Task instructions: With the images removed, repeat the data below exactly.

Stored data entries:
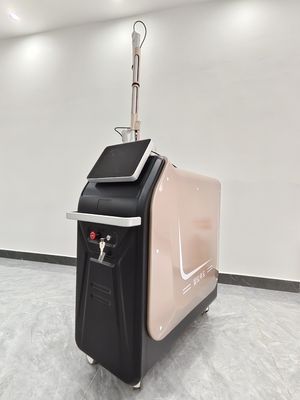755nm 2700W 피부 재생 Nd Yag 문신 제거 레이저 기계 문신 제거
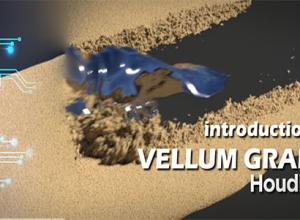 Houdini中Vellum Grains模拟干沙湿沙训练视频教程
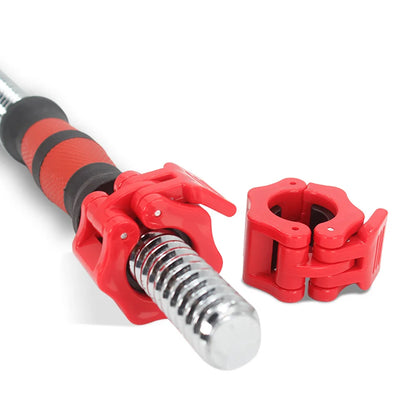 Quick Release Barbell Clamps | 25/50mm Spin-lock Collars for Weightlifting & Strength Training | Secure Weight Bar Clips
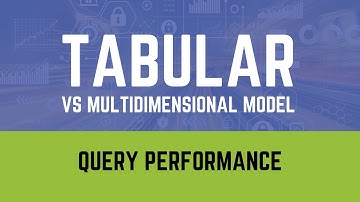Query performance comparison between Tabular vs Multidimensional Model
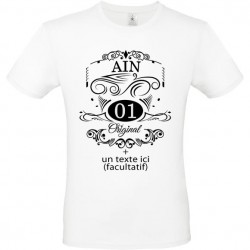 Tee shirt vintage Département de l'Ain 01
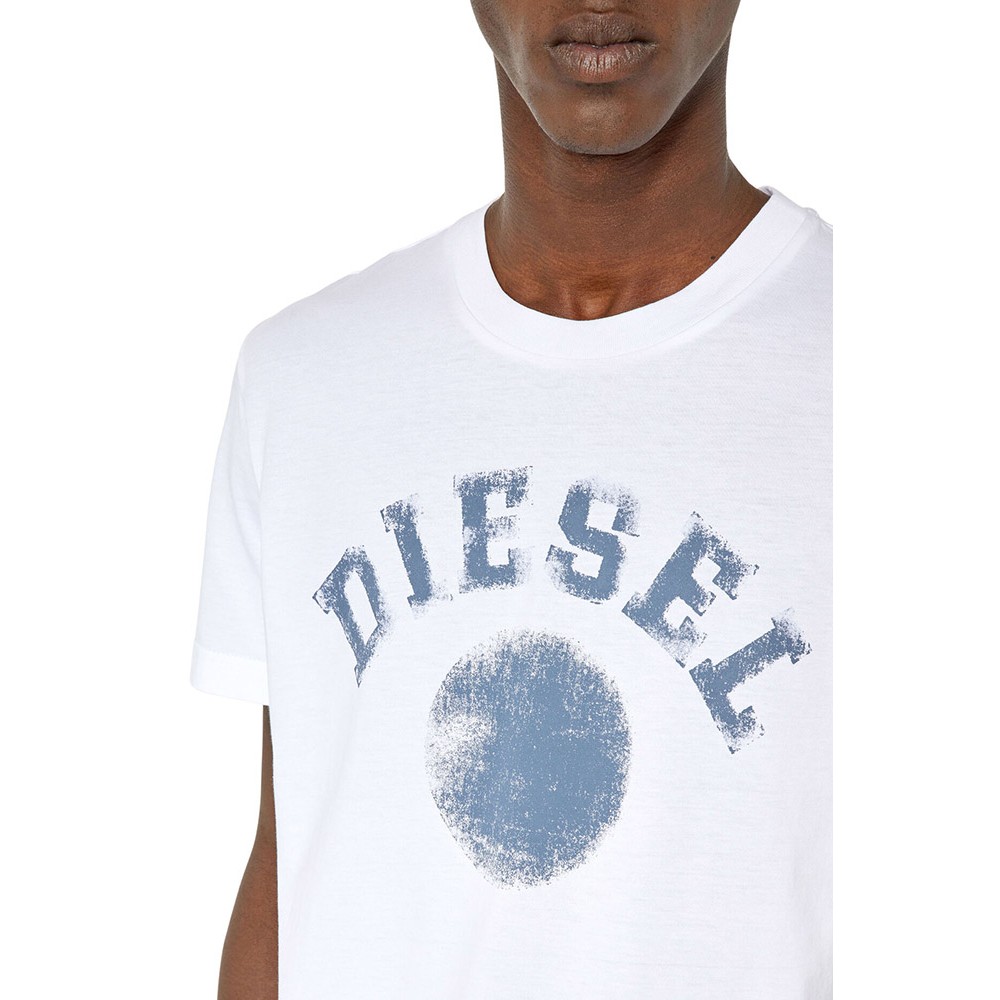 Diesel Λευκό T-shirt T-DIEGOR - A08682 0GRAI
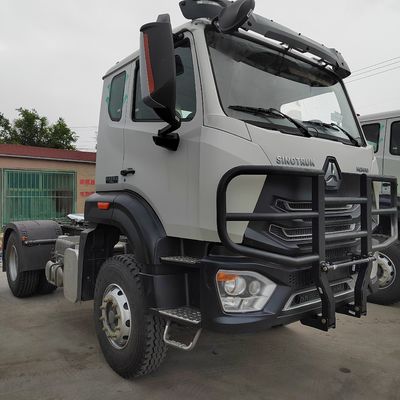 Camion tracteur Sinotruk d'occasion avec boîte de chargement en acier au carbone en bon état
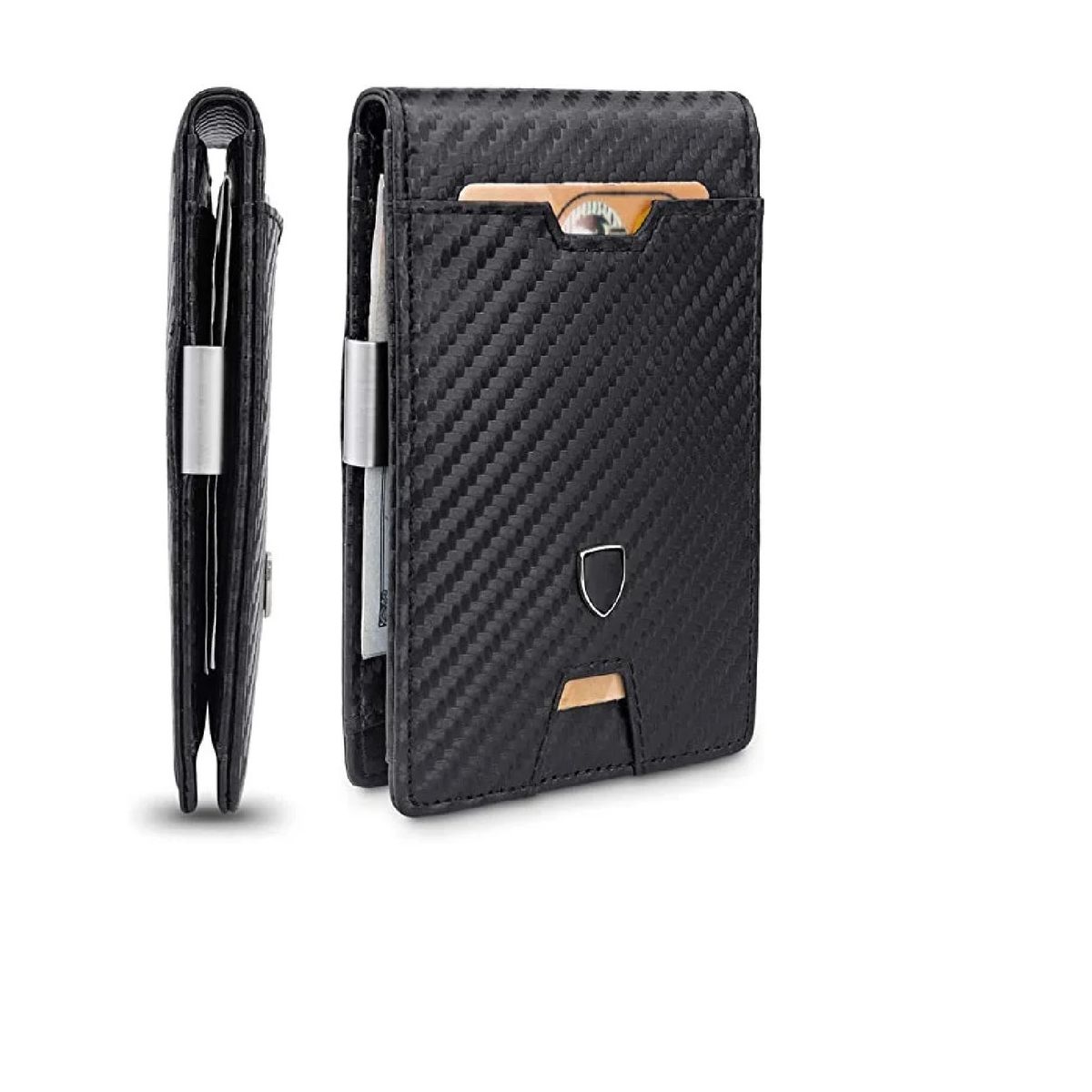 GENERICO - Billetera de cuero con bloqueo Rfid anti clonación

Output of the task:
755nm 2700W 피부 재생 Nd Yag 문신 제거 레이저 기계 문신 제거
 Houdini中Vellum Grains模拟干沙湿沙训练视频教程
 Quick Release Barbell Clamps | 25/50mm Spin-lock Collars for Weightlifting & Strength Training | Secure Weight Bar Clips
Query performance comparison between Tabular vs Multidimensional Model
 Tee shirt vintage Département de l'Ain 01
 Diesel Λευκό T-shirt T-DIEGOR - A08682 0GRAI
 Camion tracteur Sinotruk d'occasion avec boîte de chargement en acier au carbone en bon état
 GENERICO - Billetera de cuero con bloqueo Rfid anti clonación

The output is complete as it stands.